▸ **What this task involves**:
Pictures in the data should be dropped; transcribe exactly the lines from the one that has "Beach, FL 33160" through the one that has "LuLaRoe Elizabeth tunic shirt".

▸ **Data records**:
┏━━
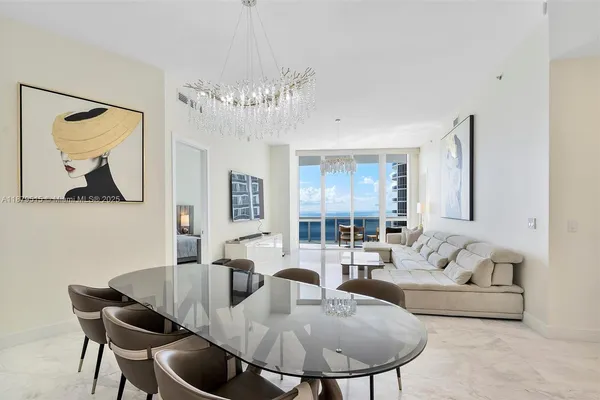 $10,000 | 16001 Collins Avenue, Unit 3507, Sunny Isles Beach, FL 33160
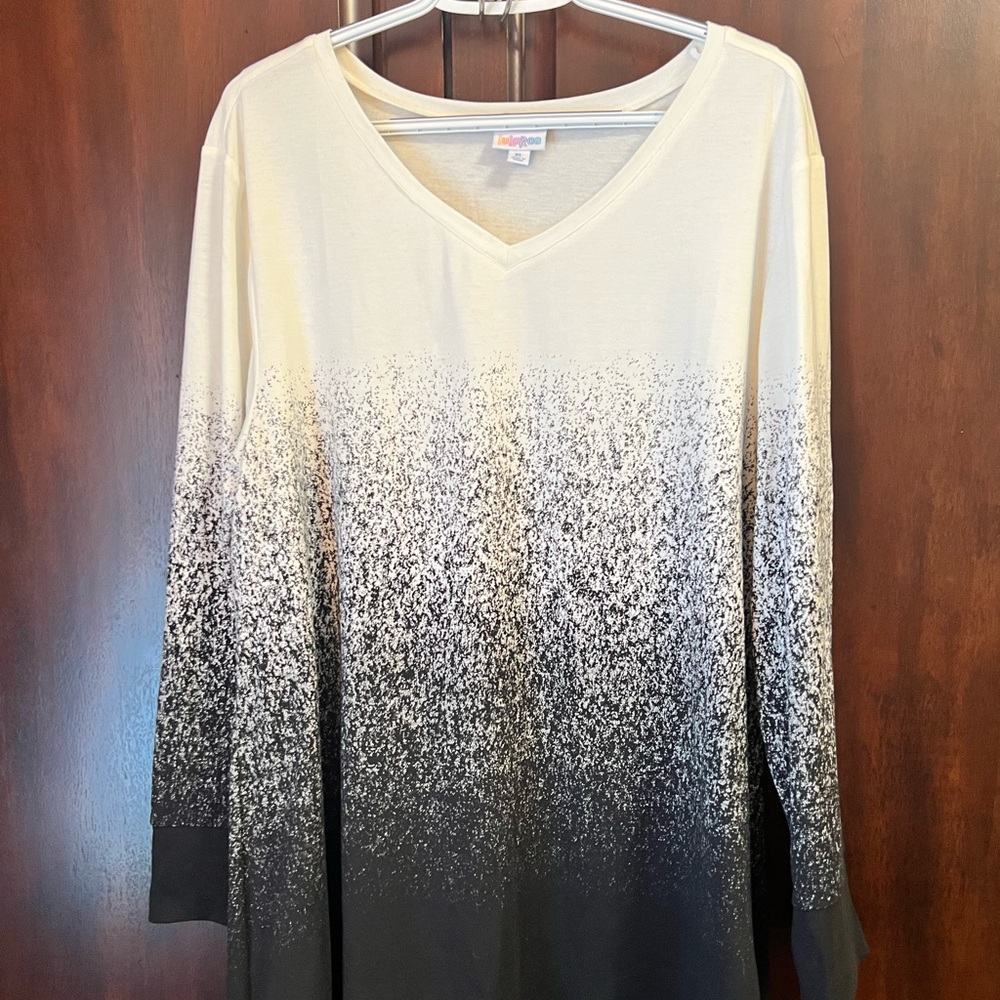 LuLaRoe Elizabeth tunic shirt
┗━━
┏━━
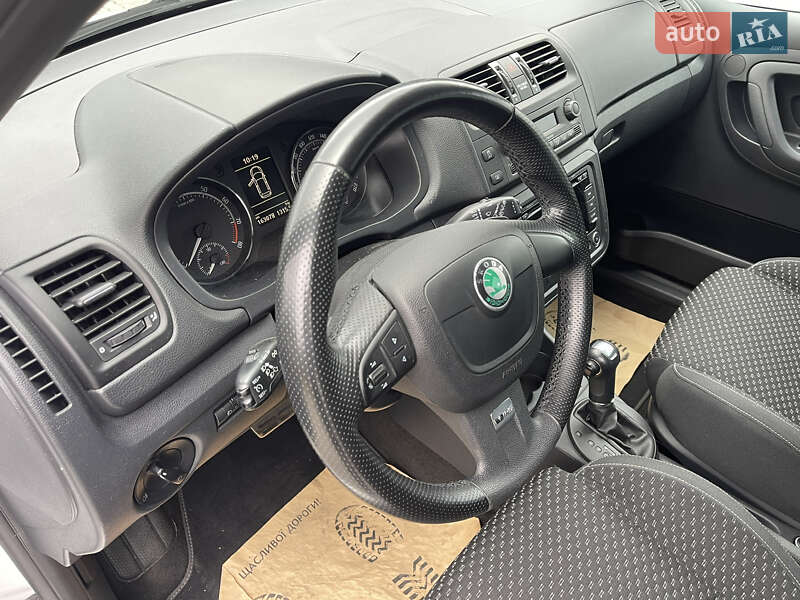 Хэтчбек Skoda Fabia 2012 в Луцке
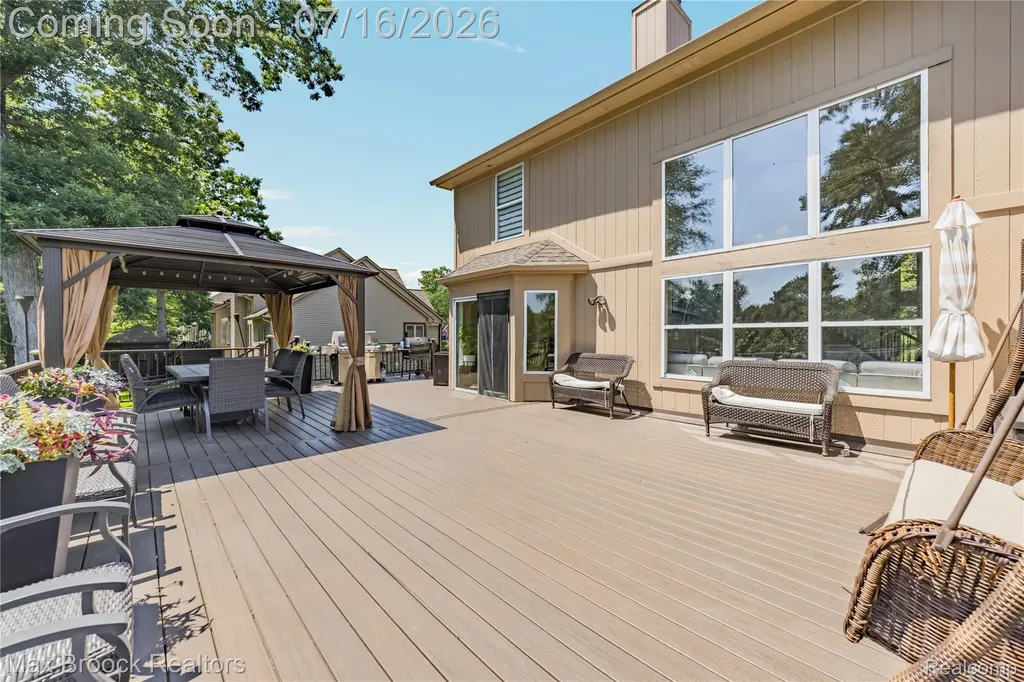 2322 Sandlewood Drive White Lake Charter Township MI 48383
┗━━
┏━━
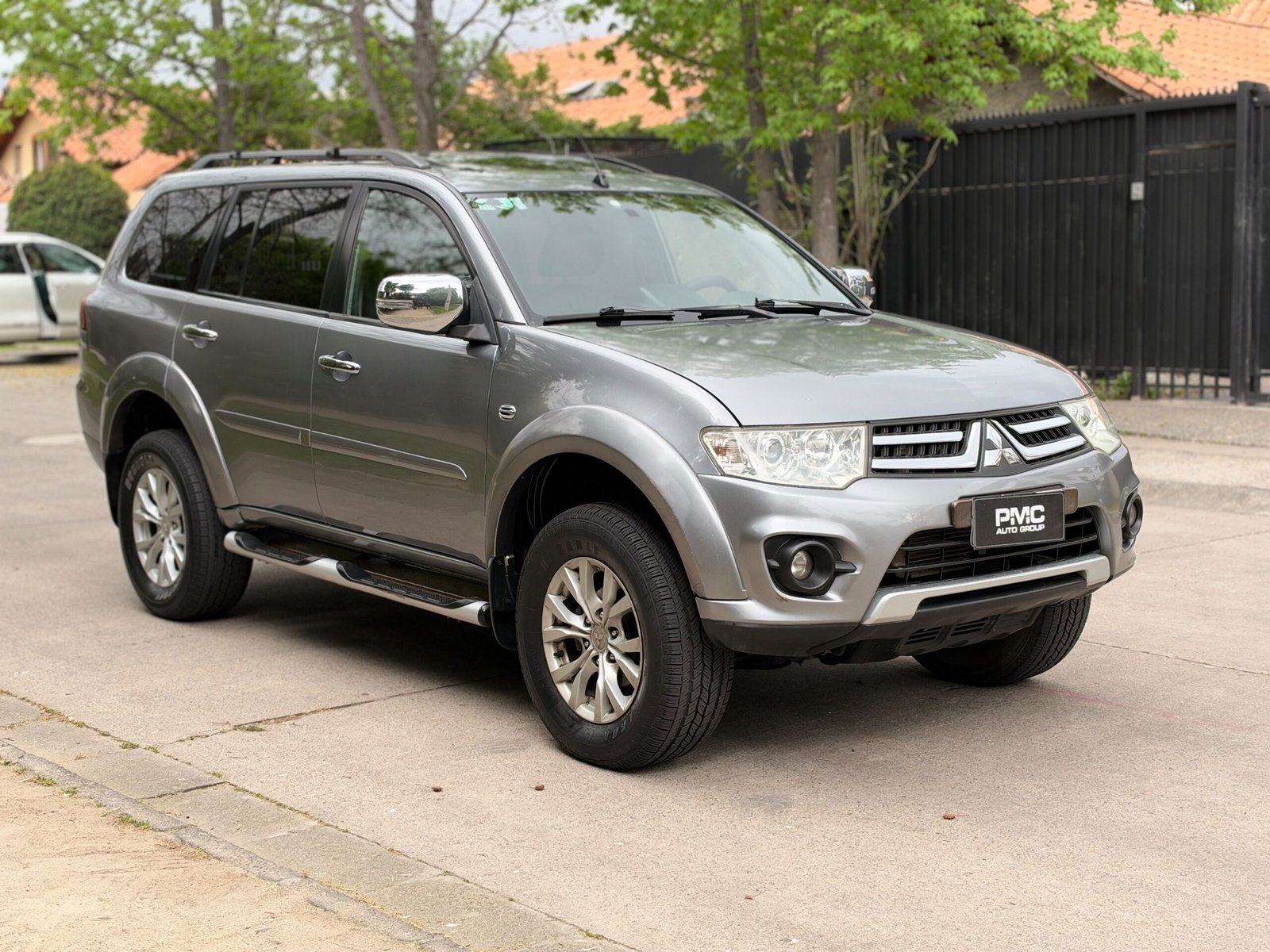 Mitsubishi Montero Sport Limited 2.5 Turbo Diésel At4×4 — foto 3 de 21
┗━━
▸ **Solved problem**:
 $10,000 | 16001 Collins Avenue, Unit 3507, Sunny Isles Beach, FL 33160
 LuLaRoe Elizabeth tunic shirt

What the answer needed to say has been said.